Read Linnear 01 - The Ninja Online
Authors: Eric van Lustbader
It became time to try something else and he slashed upwards with his kneecap, heard Saigo’s grunt and, almost simultaneously, a soft metallic click in front of his face. Saw a small blade, glinting in the moonlight, standing out like a deadly toothpick from between Saigo’s first and second finger knuckles. A conjurer’s trick. But it was no illusion. He turned his head away as the blade moved infinitesimally towards his eye. There was a peculiar odour and his nostrils flared briefly. Then it was gone and he was concentrating on stepping up the pressure of his forearm against the hand with the blade. He pushed upwards, using all the available leverage. Sweat had broken out along the line of his hair and now it drooled with cruel slowness down his forehead threatening to blur his vision.

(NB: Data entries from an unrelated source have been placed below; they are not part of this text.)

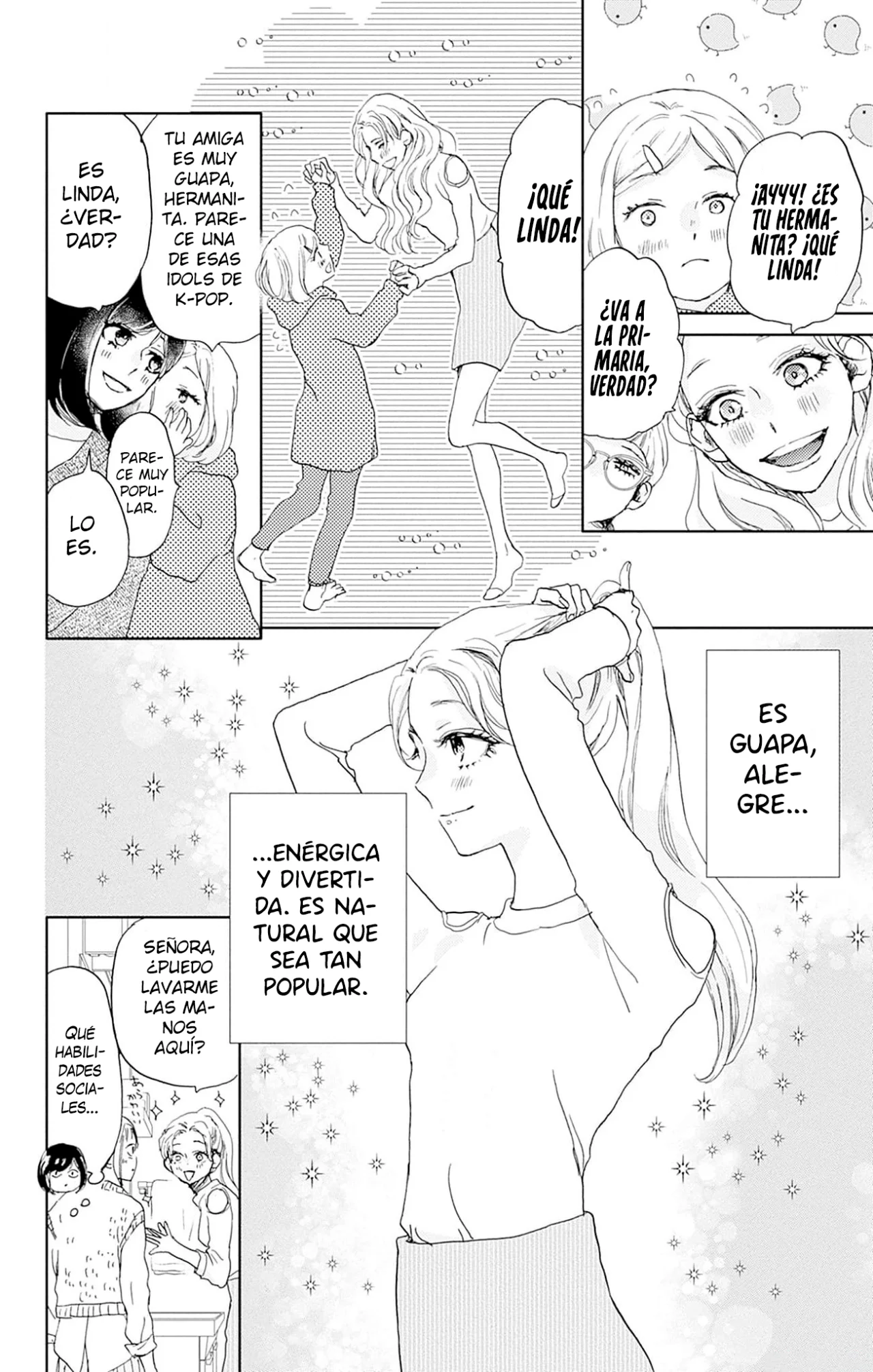 Página 25 del Manga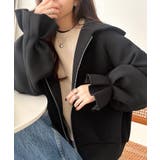 ふんわり、ゆったり、袖にキュン♪ダブルジップキャンディスリーブマシュマロダンボー… | Classical Elf | 詳細画像4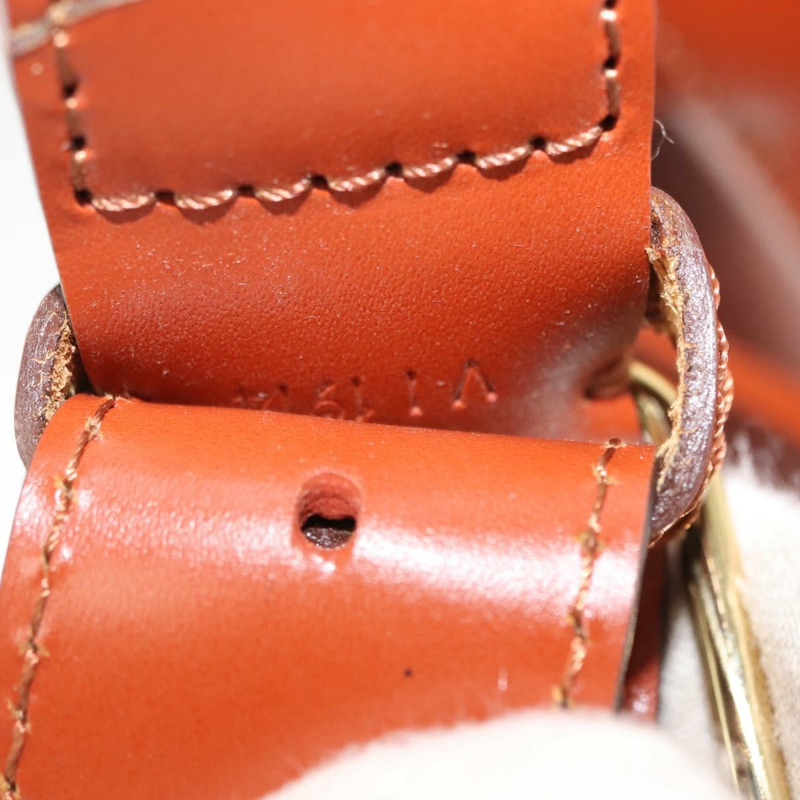 【日本直送】路易威登 Epi Sac Depaule GM 肩背包 棕色 M80193 LV Auth 149397-10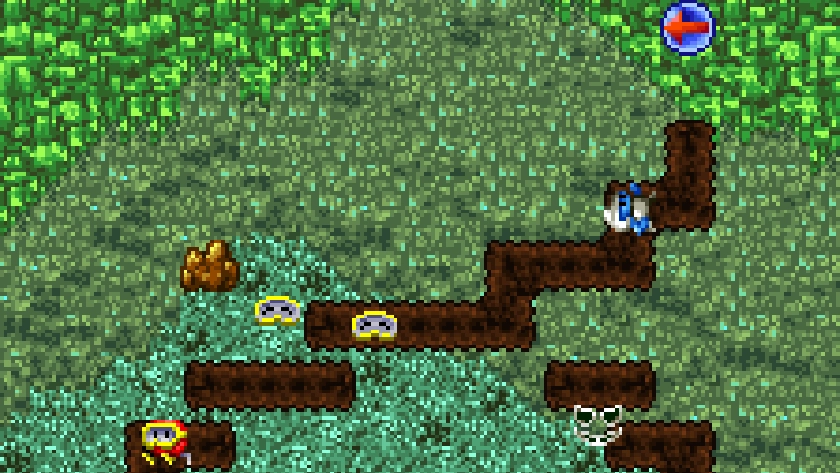 ディグダグ・アレンジメント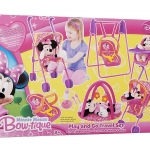ชุด Minnie play and go travel set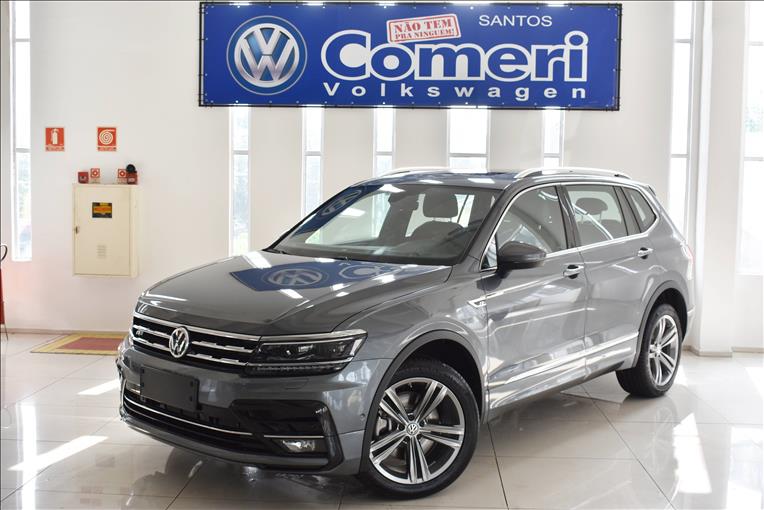 VOLKSWAGEN TIGUAN 2.0 350 TSI Allspace R-line 4motion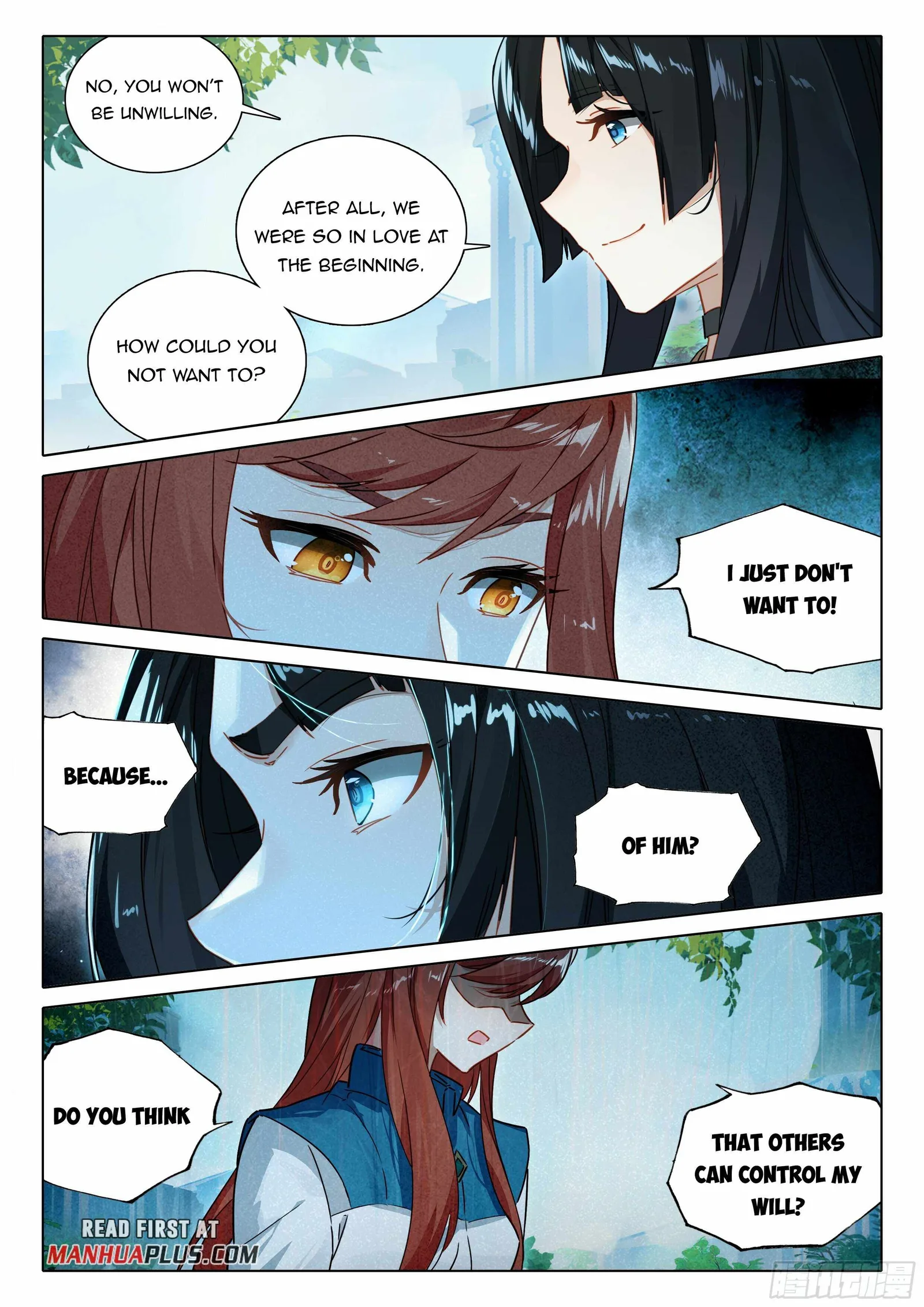 Soul Land V Chapter 91 page 5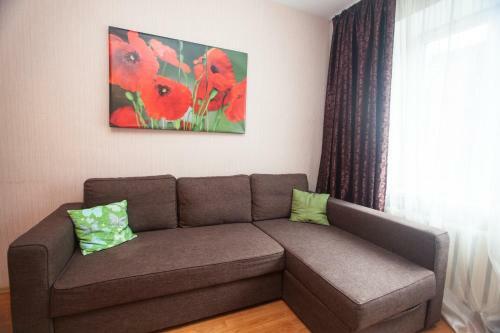 Apartamento Kvart-hotel Gorky Park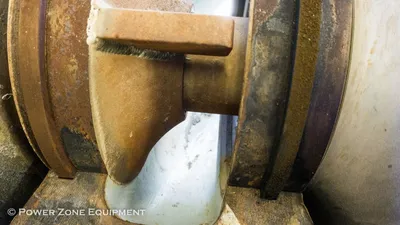 USED SULZER BINGHAM 12X12X15.5 MSD-D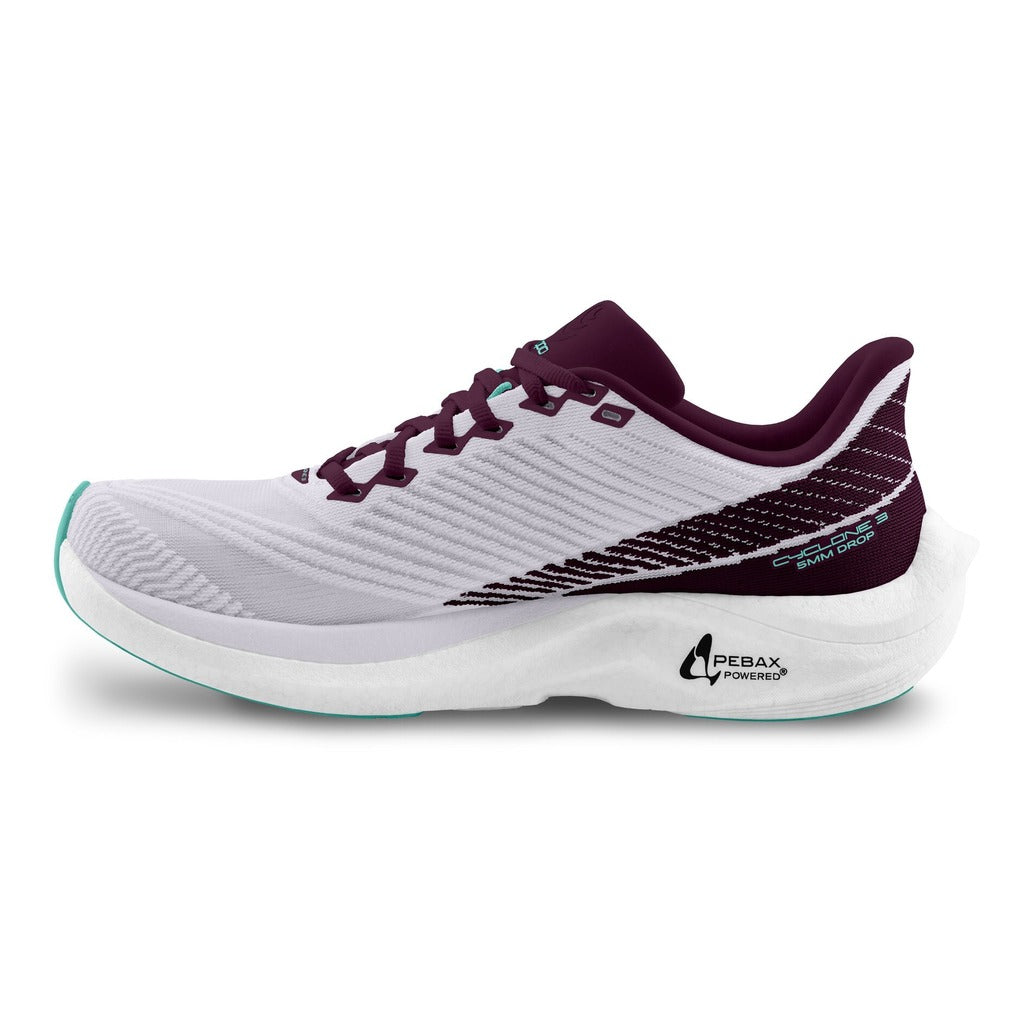 Topo Athletic CYCLONE 3 - Women&#39;s Lightweight Speed Trainer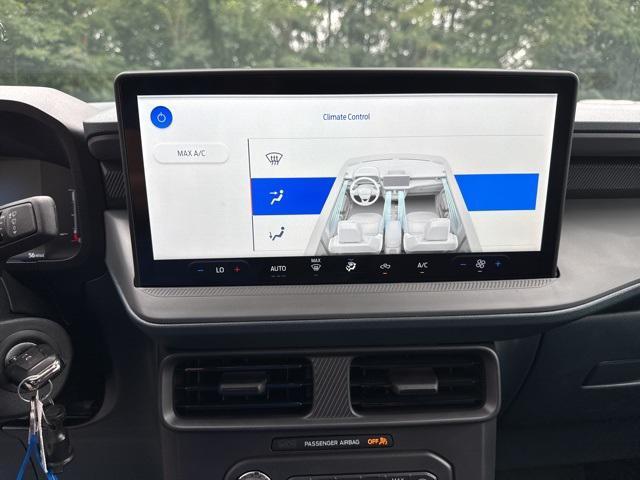 new 2025 Ford Maverick car, priced at $29,243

But the deadlock was breaking as, bit-by-bit, he brought the hand backwards, away from him. Then he was free and on his feet. His chest heaved with the intense exertion of the past few moments. He staggered a little, waiting for Saigo to stand. When he did, Nicholas attacked, but perhaps the blow to his collarbone affected him more than he had thought because he was just a little off balance and, as Saigo countered his thrust, he seemed to take an inordinately long time to react.
Now Saigo was at him, seeming faster than ever before. Barely he was able to deflect a fork-strike, but he failed to counter a sword-strike to his neck.
He went down then in a heap. Coughing and gasping, he could not seem to fill his lungs with air. On his back, he saw Saigo standing over him, grinning, as if he knew there would be no more resistance.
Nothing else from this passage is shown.